* **Assignment**: The lines in the listing below are to be given again exactly, starting at the line holding "ベタ 熱帯魚 生体 ショーベタ パステル オス ブルー系1885" and ending at the line holding "Violett weiße Lisianthus-Blüten". Do not include pictures.

(Beginning of Excerpted data)

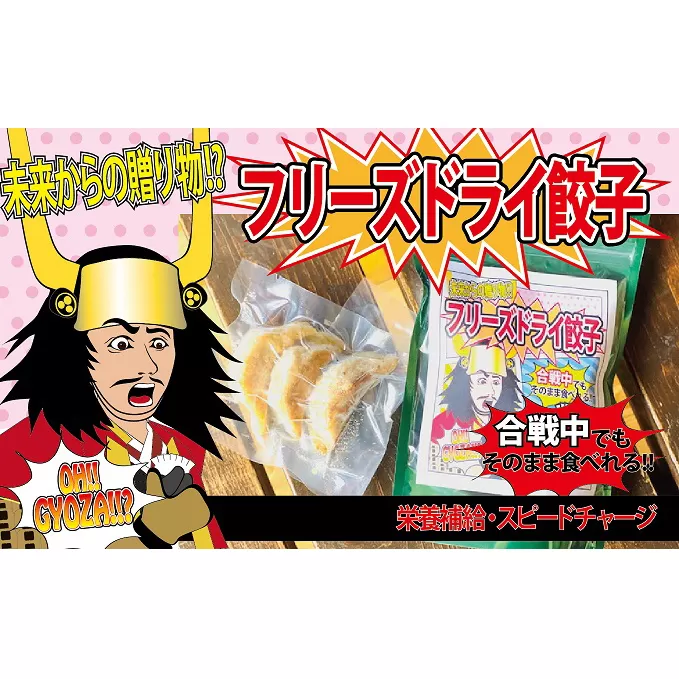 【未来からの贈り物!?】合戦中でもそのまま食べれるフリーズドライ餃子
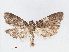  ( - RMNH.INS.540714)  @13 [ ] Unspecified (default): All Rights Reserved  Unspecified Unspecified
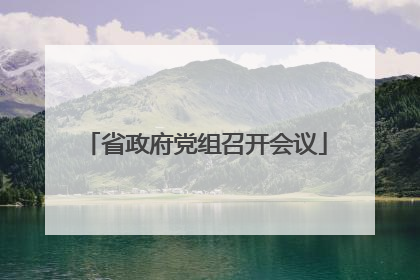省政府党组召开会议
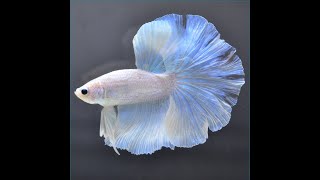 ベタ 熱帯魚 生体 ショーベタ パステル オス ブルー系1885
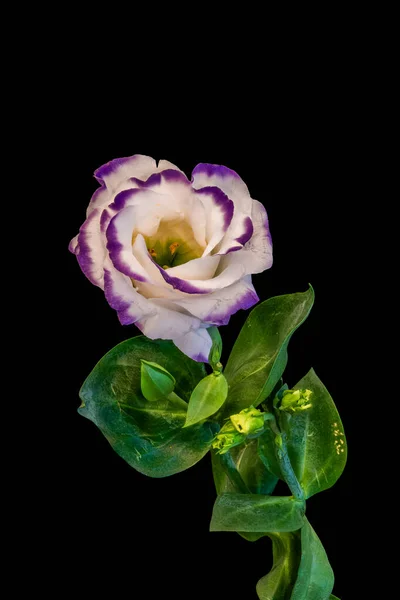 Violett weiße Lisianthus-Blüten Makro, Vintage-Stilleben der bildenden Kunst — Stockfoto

(End of Excerpted data)
(Beginning of Excerpted data)

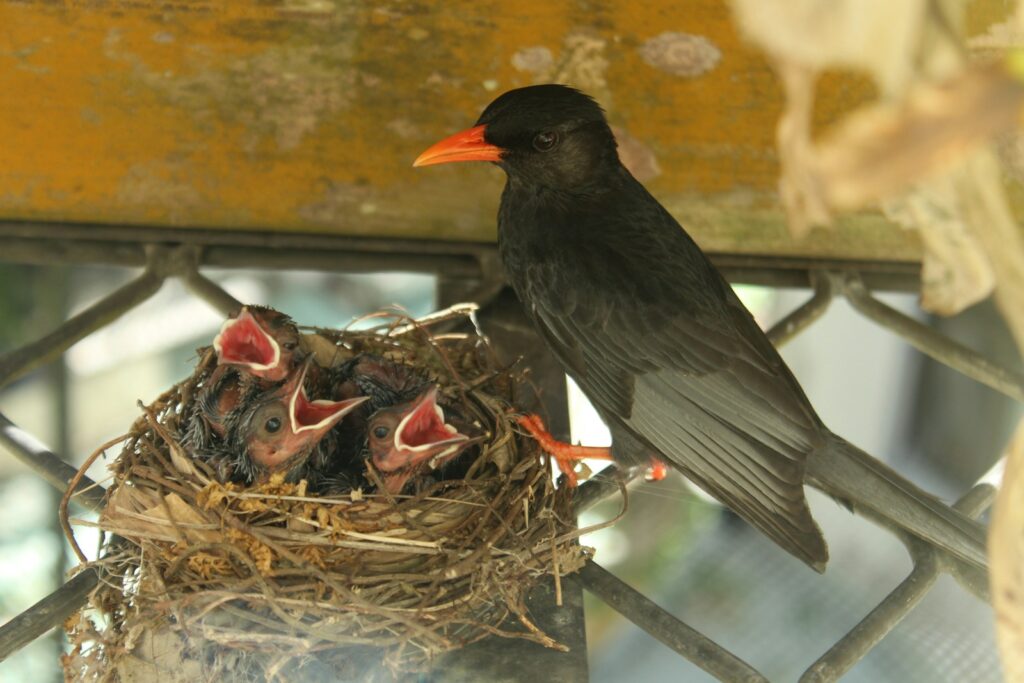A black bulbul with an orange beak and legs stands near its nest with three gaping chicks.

(End of Excerpted data)

* **The completed task**:
 ベタ 熱帯魚 生体 ショーベタ パステル オス ブルー系1885
 Violett weiße Lisianthus-Blüten Makro, Vintage-Stilleben der bildenden Kunst — Stockfoto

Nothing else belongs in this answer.